**Work item**
Every line in the records below with the string "Silver" is to be copied out.

=-=-=

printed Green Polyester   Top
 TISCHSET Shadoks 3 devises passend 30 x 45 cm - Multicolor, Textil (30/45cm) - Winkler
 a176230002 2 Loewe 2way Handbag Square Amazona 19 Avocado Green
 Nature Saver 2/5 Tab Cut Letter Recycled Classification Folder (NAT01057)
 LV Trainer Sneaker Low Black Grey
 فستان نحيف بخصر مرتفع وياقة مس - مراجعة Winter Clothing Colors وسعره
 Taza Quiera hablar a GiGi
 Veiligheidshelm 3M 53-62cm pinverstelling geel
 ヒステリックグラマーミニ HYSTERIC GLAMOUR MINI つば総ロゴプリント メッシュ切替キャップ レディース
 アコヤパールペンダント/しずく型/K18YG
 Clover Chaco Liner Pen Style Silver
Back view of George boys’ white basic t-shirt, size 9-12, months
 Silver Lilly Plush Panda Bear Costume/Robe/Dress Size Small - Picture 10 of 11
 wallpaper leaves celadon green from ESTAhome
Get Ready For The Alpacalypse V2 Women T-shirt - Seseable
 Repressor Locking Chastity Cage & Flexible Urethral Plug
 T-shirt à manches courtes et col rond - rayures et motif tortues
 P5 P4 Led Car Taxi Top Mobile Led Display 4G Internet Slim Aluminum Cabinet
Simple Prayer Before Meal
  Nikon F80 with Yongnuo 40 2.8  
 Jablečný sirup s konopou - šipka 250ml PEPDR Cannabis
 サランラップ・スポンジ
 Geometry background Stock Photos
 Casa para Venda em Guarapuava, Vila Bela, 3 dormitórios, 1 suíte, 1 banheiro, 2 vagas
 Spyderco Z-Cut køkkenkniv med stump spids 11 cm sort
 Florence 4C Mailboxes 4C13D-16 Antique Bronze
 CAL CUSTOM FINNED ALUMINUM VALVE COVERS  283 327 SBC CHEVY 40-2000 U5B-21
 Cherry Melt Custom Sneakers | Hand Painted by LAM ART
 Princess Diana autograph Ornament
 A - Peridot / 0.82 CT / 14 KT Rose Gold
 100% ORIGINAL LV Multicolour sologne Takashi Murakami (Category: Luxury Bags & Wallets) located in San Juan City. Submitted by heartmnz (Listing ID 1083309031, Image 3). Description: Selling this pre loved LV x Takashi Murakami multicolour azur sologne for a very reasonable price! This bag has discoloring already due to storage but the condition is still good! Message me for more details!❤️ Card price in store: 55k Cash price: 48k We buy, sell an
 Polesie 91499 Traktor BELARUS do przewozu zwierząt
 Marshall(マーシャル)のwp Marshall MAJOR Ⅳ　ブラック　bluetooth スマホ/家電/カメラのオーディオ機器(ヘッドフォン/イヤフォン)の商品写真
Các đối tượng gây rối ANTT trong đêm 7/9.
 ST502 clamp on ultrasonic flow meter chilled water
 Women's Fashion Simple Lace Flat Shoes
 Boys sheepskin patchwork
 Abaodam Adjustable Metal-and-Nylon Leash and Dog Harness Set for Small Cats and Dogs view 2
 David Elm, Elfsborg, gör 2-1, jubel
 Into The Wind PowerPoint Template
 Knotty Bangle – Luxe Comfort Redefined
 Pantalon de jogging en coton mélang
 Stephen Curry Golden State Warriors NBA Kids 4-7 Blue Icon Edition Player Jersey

=-=-=

**Output of the task**
 Clover Chaco Liner Pen Style Silver
 Silver Lilly Plush Panda Bear Costume/Robe/Dress Size Small - Picture 10 of 11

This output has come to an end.